Using high ISO has no effect on current draw during a 30 second exposure. I also tried longer exposures and turned High ISO noise reduction on and off, but there was no difference. so Peter, your shorter battery life at long exposures and high ISO mentioned on page 1 seems to have other causes.
If AFS lenses are attached, current draw even when idle might increase 30-40%, however active VR is only a 10% increase in the 300PF, about the same as continuous AF operation. The 12-24mm has higher idle current draw but uses little extra during continuous AF operation. My custom chipped 55mm f/3.5 micro did not draw any measurable power compared to my second non-chipped copy. (It likely just powers up to communicate when mounted).
There is a tiny bit of identical current draw in standby mode and with the power switch off. It is a respectable 167 uA (mikro Ampere) in D500, considering that both the top display and the viewfinder mask both receive power. In the D5100 the standby/off state draws almost 1mA, which could drain the battery in 47 days.
If we integrate the curve of the shutter actuation (one with the 55 micro used as base) it is possible to calculate how much extra power a short exposure need in Ampere-seconds, and set up a budget of current drawn based on the above table.
In this particular calculation I have assumed that the camera stays on for 15 sec at each use. D500 cuts power when battery reports 25% in D7100 (see below), so this must be taken into account with respect to which capacity is available.
It is clear that what costs power is not the shutter actuations, which is only a minor fraction, but how long the camera stays on on each use. Also when the D500 is new, and one sit down learning and setting up the menus, one could run the battery down in about 5 hours (How time flies...). So what has been said about mirror-less cameras is also true for DSLRs. (Increase on-time per use to 60 seconds, and the frames per charge will go down dramatically.) Nikon must be taking some liberties when calculating CIPA standard exposures (which is a fairly loose standard).

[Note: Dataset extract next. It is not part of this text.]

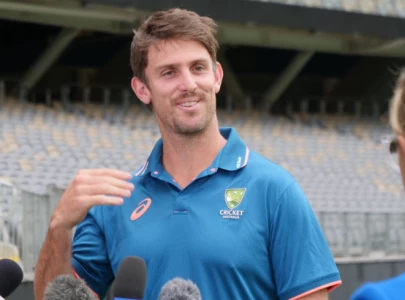 mitchell marsh expects fast bouncy pitch for perth test against pakistan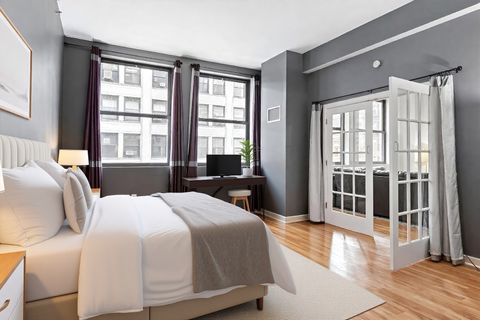 Tiny photo for 5 N Wabash Avenue #1103, Chicago, IL 60602 (MLS # 12562022)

The camera is supposed to stay on for 30 sec for each exposure with screen on, while my calculations will result in the specified 1240 exposures if I set on time per exposure to 21.5 sec and no live view.
A comparison of the battery reporting in D7100 and D500 (inserting the same battery at different charge levels in both) reveals an almost linear relationship between the two, and independent of battery temperature. D500 seems to be more picky on cutoff voltage and will report empty when D7100 reports around 25% charge left. Note that this graph is just a battery meter test and does not imply that D500 use more
average power. But the chosen voltage cutoff level might be a consequence of the need to sustain peak current draw. Keep in mind that the single digit series with the same frame rate use a battery with higher voltage. Previous bodies needed a battery grip to achieve this high frame rate while D500 can do without it.
I also let batteries at two different charge levels cool down for several hours outside before quickly inserting them into D500 and D7100 to check reported battery level:
The reported charge levels by the battery meters show a nice slow decline down to about -20°C, but then the capacity start to drop off more abruptly. The conclusion is that one should go out with battery fully charged at these temperatures, and not expect to have more than 50% capacity available. It remains to be seen how the D500 will perform below -30°C. The situation might be better than this chart indicates, as the camera usually stays in an insulated bag and takes time to cool down. And in very active use the camera will heat itself too, and might not reach ambient temperature.